Terminate la persecuzione iconoclasta nell’843, i monaci abbandonarono a mano a mano i loro rifugi e innalzarono, nei paesi più importanti, chiese e monasteri, che divennero ben presto importanti centri culturali e sociali: si occupavano dell’istruzione dei fanciulli e degli adulti, insegnavano le tecniche della pesca e dell’agricoltura, dissodavano la terra, rendevano fertili le paludi e le affidavano alla gente del posto per coltivarle.

I monaci basiliani furono molto importanti nel Salento sia dal punto di vista religioso, sia dal punto di vista economico-sociale.
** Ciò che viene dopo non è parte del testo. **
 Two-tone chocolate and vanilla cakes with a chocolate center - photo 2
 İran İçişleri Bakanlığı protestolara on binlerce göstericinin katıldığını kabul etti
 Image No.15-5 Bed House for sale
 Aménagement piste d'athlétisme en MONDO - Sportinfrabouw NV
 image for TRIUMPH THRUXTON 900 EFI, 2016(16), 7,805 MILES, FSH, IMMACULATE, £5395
Si deve a loro, dunque, l’importazione della quercia Vallonea, dalle grosse ghiande dalle quali si ricavava la farina per il pane, ma anche il tannino, una sostanza utilizzata nell’arte del pelacane, cioè per conciare le pelli, il cui commercio aveva uno dei fulcri proprio nel porto di Tricase. I monaci piantavano le querce proprio nei pressi dei monasteri, per far sì che i monaci viandanti, vedendole, capissero che nei pressi c’era un luogo pronto ad accoglierli; sempre ai monaci si deve l’importazione del gelso, del carrubo, del pino d’Aleppo. I monaci furono determinanti anche per incrementare la coltura dell’ulivo, costruendo nuovi frantoi ipogei. Grazie all’opera costante dei monaci l’agricoltura locale risorse.
La leggenda dei Cento cavalieri
La quercia Vallonea di Tricase è avvolta anche da un alone di leggenda: infatti è conosciuta anche come “la Quercia dei Cento Cavalieri”.
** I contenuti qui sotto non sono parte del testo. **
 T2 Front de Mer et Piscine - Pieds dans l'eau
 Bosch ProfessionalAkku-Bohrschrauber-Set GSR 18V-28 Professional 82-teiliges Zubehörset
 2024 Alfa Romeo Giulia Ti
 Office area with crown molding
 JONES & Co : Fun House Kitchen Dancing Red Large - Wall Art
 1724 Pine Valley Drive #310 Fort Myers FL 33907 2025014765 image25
Si narra che l’imperatore Federico II di Svevia, chiamato “stupor mundi” per la sua magnificenza, mentre attraversava la Terra d’Otranto, fosse stato colto da una tempesta e avesse trovato riparo, assieme alla sua corte e ai suoi cento cavalieri, proprio all’ombra della grande quercia di Tricase.
Secondo altre leggende che vengono tramandate, la quercia veniva interrogata già dagli oracoli greci che, a seconda del rumore delle fronde al vento, erano in grado di predire il futuro.
In Salento esistono altre querce vallonee: a Cocumola, Gallipoli, Taurisano, Corigliano d’Otranto, meno imponenti e famose di quella di Tricase, ma tutte molto amate dai salentini e con un lungo passato alle spalle.